These sections of the final rule also now specify that if a document is served by the E-Filing system or by electronic mail, it must be served by 11:59 p.m. Eastern Time of the day it is due in order to be considered timely. The reason for this change is that the E-Filing system requires periodic maintenance that is generally scheduled after midnight Eastern Time on weekdays and results in the system being temporarily unavailable. To ensure that electronic submittals are not impacted by these post-midnight maintenance outages, the NRC is mandating an 11:59 p.m. Eastern Time filing deadline. If a document is served in person or by expedited service, the final rule mandates that it must be served by 5 p.m. Eastern Time of the day it is due in order to be considered timely.

Comment. Section 2.306(b)(5) of the proposed rule also appears to afford “all participants” an additional day even if only one participant is served by hand delivery after 5 p.m. This appears to be impractical because it would be difficult for one participant to know that another participant had been hand-served after 5 p.m., thus affording all participants one additional day.

Response. The final rule has been revised to specify that, to be considered timely, a document must be hand-Start Printed Page 49146served by 5 p.m. Eastern Time, or served by the E-Filing system by 11:59 p.m. Eastern Time. As discussed above, redesignated § 2.306(c) of the final rule has revised the computation of time method outlined in the proposed rule so that it will begin the day after a document is served. This will eliminate any ambiguity as to whether, depending on the time a document has been served, the participants will be afforded an additional day.

Comment. The proposed rule uses the term “participant” but does not define this term. “Participant” should be defined in § 2.4.

Response. The definition of “Participant” has been added to § 2.4 of the final rule.

Comment. How will the E-Filing rule affect the use of the Digital Document Management System (DDMS) in agency proceedings?

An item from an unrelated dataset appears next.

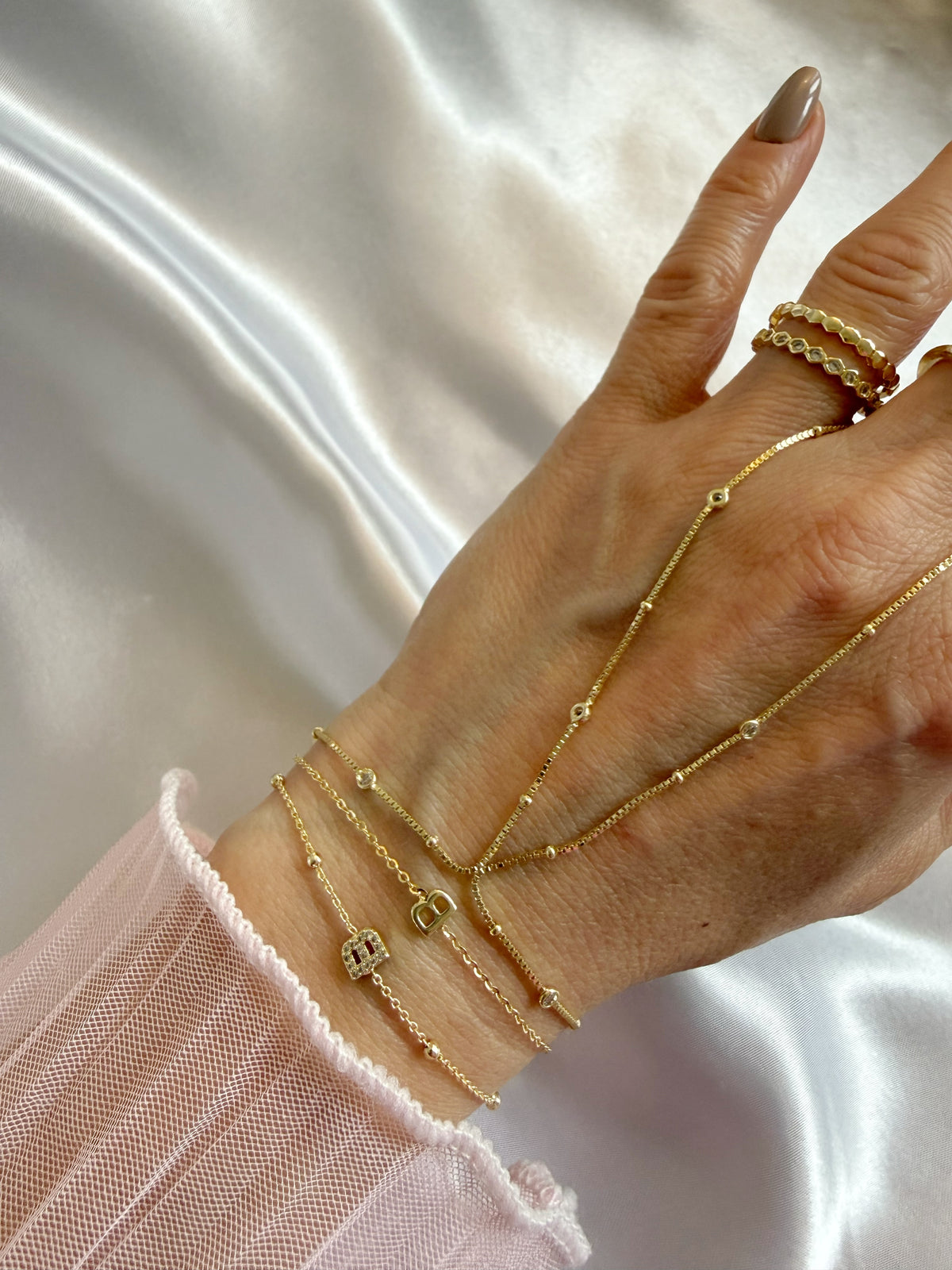Buchstabe Armband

Response. The E-Filing rule will not affect the DDMS. The DDMS is the Atomic Safety and Licensing Board Panel's hearing management support system that combines web-based hearing and document management with electronic evidence presentation, real-time transcription, and digital recording to provide users with continual electronic access to searchable evidentiary material and video transcripts, and a means to present most evidence in an electronic fashion. In the near future, the DDMS will be used by the Pre-License Application Presiding Officer Board in the high level-waste repository licensing proceeding as well as in other proceedings.

B. Comments on the Guidance Document Accompanying the Proposed Rule

Comment. Must electronically-filed documents be in a certain PDF format?

Response. Yes. The Guidance enumerates the specific electronic document standards to be used for electronic filings. Currently, the only acceptable formats are certain types of PDFs and certain other formats used for spreadsheets, when necessary.

Comment. The naming conventions set forth in the Guidance could result in the loss of a file's interactive features. The Guidance should allow exceptions or dual submittals to allow use of the original file naming convention, and should also allow submittal of nested folders because some of the features rely on unchanged relative path files.

Response. The naming conventions in the Guidance are intended to allow the NRC's profiling process to be more efficient because it alerts the agency's Document Processing Center staff to the order in which the electronically submitted files should be arranged. This allows for easier viewing and use because files in a package will already be arranged in the correct sequential order. Therefore, participants should follow the naming conventions in the Guidance. Further, participants should not file dual submissions to the E-Filing system using different file naming conventions. If the NRC naming convention causes the loss of an interactive file feature, the participant should consider providing the necessary participants with, for example, courtesy CD-ROM copies of the document, using the original file naming convention.

Comment. Using an Adobe Acrobat® digital signature allows documents to be internally authenticated. Participants should be allowed to add certain digital security features in order to prevent unwanted changes to a PDF document.

Response. The agency currently rejects and will continue to reject all electronically-submitted files that contain security protections. The NRC must maintain full access and use of the files. Allowing participants to add certain digital security features would impede this function. Participants can rely on the NRC's internal security and archival processes to ensure that the integrity of submitted materials is maintained.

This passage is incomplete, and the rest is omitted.